■ What the task requires ■
Which lines run from the line with "A violinist and" through the line with "A modern living" in the entries below? Print them exactly, both ends included, and nothing more.

[Opening Source records section]

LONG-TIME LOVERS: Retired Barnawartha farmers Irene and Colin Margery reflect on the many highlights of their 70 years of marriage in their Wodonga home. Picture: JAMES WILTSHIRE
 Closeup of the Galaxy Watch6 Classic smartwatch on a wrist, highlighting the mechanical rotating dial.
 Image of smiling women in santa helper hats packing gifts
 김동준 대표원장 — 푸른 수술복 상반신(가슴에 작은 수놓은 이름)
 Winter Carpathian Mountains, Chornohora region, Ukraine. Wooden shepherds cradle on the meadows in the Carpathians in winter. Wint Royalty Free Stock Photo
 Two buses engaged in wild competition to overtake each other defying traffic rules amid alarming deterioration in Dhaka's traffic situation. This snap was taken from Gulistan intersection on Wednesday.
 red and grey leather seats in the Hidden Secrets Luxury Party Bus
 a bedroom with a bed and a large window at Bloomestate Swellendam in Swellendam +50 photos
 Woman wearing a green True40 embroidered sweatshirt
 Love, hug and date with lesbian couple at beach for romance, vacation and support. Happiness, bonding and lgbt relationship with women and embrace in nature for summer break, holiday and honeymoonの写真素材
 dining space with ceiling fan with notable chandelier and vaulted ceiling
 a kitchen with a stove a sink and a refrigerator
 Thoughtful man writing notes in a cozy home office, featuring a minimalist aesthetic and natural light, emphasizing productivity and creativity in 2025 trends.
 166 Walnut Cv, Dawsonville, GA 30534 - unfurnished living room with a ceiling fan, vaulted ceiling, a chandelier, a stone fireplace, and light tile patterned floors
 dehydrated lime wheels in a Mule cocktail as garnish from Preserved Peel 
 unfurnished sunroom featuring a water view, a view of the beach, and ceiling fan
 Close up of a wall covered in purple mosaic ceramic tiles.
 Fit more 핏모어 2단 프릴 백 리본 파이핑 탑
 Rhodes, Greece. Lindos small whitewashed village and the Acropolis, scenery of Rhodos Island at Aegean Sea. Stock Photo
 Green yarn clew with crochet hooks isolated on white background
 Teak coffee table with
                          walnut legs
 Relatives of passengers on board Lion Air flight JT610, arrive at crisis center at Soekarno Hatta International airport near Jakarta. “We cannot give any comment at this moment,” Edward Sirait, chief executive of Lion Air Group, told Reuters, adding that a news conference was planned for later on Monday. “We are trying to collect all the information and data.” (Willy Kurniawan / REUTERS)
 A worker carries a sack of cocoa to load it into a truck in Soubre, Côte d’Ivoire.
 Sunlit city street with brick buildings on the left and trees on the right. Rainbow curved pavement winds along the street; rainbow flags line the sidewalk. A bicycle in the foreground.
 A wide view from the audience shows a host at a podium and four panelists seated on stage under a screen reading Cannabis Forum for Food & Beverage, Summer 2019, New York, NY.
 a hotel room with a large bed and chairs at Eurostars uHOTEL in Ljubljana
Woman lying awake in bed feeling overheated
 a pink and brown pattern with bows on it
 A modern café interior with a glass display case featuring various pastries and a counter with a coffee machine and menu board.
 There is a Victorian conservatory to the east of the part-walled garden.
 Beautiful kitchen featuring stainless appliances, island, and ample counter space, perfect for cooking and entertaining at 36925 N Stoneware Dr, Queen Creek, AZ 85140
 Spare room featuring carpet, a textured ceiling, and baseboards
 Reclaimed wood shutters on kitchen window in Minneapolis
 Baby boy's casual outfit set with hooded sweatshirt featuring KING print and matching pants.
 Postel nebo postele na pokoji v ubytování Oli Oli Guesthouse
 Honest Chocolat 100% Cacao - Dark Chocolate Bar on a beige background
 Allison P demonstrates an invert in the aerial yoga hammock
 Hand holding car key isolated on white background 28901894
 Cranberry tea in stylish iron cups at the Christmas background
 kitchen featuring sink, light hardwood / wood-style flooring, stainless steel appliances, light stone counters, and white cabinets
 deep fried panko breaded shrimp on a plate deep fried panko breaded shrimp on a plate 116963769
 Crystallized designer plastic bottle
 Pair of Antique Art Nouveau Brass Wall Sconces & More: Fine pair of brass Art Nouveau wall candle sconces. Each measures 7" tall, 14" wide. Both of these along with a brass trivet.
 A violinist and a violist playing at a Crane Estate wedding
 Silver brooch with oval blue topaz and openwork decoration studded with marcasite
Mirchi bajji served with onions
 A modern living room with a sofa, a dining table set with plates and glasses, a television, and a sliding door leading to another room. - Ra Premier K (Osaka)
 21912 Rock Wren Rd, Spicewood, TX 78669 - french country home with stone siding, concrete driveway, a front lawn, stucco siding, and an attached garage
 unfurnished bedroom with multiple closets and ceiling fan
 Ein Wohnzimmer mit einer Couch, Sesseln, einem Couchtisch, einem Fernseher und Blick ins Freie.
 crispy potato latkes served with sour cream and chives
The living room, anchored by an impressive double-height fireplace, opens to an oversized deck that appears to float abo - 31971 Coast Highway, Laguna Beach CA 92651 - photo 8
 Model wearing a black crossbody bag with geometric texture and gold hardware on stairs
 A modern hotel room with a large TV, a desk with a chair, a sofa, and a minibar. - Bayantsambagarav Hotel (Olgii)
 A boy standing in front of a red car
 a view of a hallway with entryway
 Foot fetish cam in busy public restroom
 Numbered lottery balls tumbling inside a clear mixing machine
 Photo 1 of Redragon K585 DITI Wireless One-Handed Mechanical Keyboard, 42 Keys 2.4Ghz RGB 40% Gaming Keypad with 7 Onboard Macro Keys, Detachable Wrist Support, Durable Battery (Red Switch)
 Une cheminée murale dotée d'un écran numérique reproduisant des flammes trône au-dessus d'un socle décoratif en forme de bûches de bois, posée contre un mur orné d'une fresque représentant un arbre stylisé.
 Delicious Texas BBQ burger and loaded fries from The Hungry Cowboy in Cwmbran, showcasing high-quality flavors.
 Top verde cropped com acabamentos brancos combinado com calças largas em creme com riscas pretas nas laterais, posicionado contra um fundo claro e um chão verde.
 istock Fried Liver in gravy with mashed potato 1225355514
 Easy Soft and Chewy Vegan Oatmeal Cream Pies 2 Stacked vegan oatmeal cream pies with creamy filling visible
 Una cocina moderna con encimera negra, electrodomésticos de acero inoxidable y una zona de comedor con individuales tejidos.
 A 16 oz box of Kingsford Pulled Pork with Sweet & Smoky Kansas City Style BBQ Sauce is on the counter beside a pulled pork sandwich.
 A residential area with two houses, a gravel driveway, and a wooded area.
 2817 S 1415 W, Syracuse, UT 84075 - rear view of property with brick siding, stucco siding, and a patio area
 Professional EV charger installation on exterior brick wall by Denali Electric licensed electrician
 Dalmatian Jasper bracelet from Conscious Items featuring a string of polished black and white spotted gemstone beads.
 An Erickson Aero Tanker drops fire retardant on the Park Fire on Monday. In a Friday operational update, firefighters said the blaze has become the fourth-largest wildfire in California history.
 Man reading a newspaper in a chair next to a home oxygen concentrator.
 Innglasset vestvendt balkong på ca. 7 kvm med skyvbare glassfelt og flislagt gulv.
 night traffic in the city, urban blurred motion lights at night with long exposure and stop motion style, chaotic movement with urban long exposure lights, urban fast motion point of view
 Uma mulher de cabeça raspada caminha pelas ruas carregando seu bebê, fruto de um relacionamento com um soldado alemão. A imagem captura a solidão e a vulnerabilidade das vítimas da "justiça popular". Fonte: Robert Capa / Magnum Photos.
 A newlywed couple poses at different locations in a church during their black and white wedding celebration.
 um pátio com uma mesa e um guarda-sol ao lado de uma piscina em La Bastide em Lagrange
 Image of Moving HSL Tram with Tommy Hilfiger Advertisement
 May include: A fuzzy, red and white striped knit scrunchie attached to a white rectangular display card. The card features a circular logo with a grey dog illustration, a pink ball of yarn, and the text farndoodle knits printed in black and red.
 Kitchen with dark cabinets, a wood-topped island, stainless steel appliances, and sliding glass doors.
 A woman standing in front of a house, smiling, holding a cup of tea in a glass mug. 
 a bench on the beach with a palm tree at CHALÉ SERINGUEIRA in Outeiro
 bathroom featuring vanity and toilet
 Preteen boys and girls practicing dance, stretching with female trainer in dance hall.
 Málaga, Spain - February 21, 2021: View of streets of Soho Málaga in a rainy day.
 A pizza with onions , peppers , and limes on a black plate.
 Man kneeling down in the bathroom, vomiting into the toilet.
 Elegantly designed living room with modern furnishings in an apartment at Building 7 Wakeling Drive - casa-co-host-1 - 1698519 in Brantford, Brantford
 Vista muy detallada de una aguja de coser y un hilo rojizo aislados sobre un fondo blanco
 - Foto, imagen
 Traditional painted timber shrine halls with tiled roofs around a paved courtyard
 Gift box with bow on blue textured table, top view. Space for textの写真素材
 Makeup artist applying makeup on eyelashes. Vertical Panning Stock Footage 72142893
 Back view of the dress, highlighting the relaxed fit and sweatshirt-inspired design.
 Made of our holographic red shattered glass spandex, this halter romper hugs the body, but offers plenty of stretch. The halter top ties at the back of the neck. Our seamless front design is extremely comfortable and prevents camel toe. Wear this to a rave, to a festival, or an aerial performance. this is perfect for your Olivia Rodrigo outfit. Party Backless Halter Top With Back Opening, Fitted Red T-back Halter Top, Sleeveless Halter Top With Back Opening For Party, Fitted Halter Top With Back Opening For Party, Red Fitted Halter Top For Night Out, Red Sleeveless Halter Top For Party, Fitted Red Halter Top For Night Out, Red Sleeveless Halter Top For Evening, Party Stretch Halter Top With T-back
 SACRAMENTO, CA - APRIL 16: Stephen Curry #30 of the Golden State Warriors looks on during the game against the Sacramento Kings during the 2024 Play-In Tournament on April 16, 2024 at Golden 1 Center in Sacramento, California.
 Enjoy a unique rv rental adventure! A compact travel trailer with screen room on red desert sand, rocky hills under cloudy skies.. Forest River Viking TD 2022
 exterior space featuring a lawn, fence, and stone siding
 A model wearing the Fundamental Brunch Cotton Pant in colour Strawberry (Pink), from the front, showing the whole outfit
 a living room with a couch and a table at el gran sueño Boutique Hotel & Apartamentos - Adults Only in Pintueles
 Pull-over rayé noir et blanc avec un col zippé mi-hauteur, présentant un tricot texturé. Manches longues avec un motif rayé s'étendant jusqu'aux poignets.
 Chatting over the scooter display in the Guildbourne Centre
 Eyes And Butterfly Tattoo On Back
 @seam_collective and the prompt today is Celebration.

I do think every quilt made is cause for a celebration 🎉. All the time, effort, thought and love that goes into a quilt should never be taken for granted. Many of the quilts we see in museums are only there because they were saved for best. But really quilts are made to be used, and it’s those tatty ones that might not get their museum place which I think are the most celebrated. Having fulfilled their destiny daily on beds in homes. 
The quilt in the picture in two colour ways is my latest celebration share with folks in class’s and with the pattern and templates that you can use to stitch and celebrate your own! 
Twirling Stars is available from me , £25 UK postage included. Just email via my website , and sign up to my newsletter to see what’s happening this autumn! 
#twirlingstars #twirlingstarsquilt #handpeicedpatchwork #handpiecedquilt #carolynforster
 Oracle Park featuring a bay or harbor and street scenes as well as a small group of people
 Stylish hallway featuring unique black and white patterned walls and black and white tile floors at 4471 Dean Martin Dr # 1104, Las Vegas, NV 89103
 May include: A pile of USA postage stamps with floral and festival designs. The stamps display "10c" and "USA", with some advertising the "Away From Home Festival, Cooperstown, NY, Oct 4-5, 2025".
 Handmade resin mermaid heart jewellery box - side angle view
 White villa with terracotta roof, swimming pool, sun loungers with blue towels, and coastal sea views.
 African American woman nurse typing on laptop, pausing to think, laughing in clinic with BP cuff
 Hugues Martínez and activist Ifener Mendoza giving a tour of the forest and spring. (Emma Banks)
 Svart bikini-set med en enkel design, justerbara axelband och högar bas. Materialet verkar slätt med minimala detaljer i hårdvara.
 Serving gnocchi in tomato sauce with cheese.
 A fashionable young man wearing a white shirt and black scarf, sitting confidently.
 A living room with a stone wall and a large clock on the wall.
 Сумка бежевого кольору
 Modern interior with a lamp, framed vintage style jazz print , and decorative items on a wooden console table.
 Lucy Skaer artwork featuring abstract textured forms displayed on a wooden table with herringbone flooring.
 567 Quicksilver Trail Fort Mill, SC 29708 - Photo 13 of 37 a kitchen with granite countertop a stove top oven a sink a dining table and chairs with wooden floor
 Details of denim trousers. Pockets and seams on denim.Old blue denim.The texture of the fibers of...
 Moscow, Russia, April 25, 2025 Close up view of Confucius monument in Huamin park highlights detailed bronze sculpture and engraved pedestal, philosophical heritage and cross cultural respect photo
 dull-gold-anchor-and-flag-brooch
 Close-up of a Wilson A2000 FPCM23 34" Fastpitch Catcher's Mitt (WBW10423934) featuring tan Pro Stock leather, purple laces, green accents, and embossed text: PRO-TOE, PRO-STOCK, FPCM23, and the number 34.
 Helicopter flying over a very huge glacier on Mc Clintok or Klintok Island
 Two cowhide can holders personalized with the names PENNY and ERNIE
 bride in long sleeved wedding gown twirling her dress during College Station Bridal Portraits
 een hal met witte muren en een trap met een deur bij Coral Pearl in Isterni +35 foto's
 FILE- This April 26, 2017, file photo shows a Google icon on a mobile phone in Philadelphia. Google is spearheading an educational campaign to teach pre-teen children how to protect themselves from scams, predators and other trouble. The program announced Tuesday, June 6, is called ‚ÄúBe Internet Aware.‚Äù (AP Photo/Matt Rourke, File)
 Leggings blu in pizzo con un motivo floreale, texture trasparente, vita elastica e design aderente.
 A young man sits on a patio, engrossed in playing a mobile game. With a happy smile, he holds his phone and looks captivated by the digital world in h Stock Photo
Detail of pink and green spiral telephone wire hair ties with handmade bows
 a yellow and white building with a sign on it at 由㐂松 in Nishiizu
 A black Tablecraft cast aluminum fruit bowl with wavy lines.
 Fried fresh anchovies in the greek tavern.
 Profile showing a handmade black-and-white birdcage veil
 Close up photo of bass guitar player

[Closing Source records section]

■ Reply to the exercise ■
 A violinist and a violist playing at a Crane Estate wedding
 Silver brooch with oval blue topaz and openwork decoration studded with marcasite
Mirchi bajji served with onions
 A modern living room with a sofa, a dining table set with plates and glasses, a television, and a sliding door leading to another room. - Ra Premier K (Osaka)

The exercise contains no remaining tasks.